The discussion over at the Slog is getting rather remarkable. I found that one of the more recent posts had a very steady aim when it declared that this discussion was about power. And in her story, she gave the details of almost getting a gallery, but it involved a ‘date’. Now, this is a story I could unfortunately embellish in many added dimensions.
I can only think of two times I showed in New York that did not involve a possible sexual opportunity and as can be projected, one of these exhibitions came from a gay male curator and the other, from a woman. Otherwise the shows were gone when the hopes and moves were over. But looking back, maybe I should have just stuck my elbows way out and been the art whore.
Like when I was invited over to Holly Solomon’s house for a dinner party and did not go. I would go only as a girlfriend, it was abundantly clear, and not as an artist. No doubt I should have just made it obvious that I was an artist too and in no uncertain terms (whatever that is), even if I received only tepid, polite responses. But I just didn’t have enough kahoonies left after my work-day was over, plus too much (ridiculous) pride.

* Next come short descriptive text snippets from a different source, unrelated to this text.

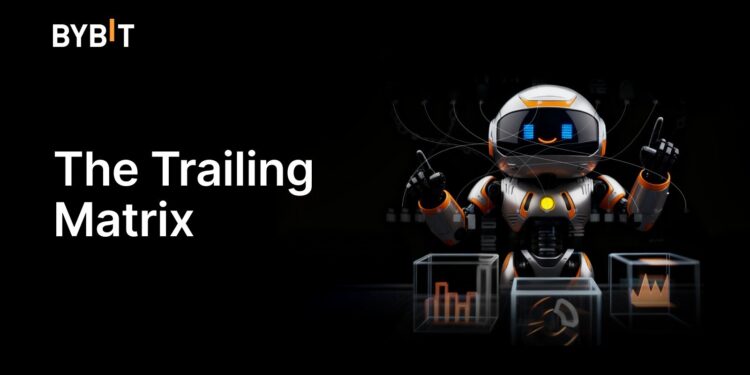 Bybit Unveils 200,000 USDT Trading Bot Challenge: The Trailing Matrix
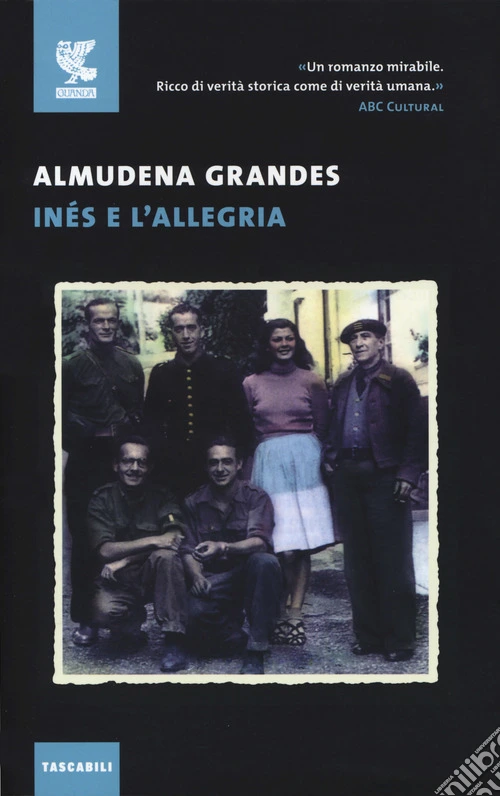 Inés e l'allegria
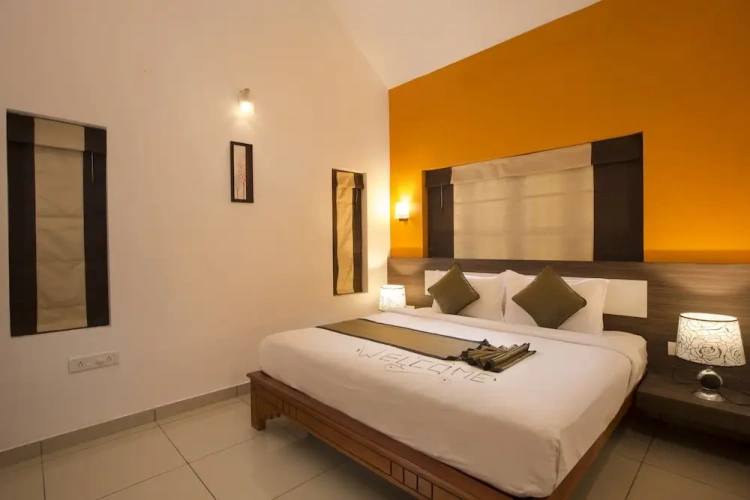 1 Bedroom Superior room with mountain view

There’s the gallery owner who grabbed me as I walked by and placed me on his lap, the fellow who visited my studio and stuck his tongue down my throat before I could use it to say Stop! What is really awful is to recall how many times I was courted by ‘curators’ and even fellow ‘artists’ who turned out to be none of that; just using the one thing I would hold out for. Coffee and promises of dinner made no dent with me, but mention you are in the art world – like any true predator, they know your weakness.
So yes, it’s always about power. I openly acknowledge right here and right now that I started most of my current, ongoing over-cramped life because I couldn’t stand someone else having so much of it over me anymore. Busyness lets you forget, but there's more reconstruction to come.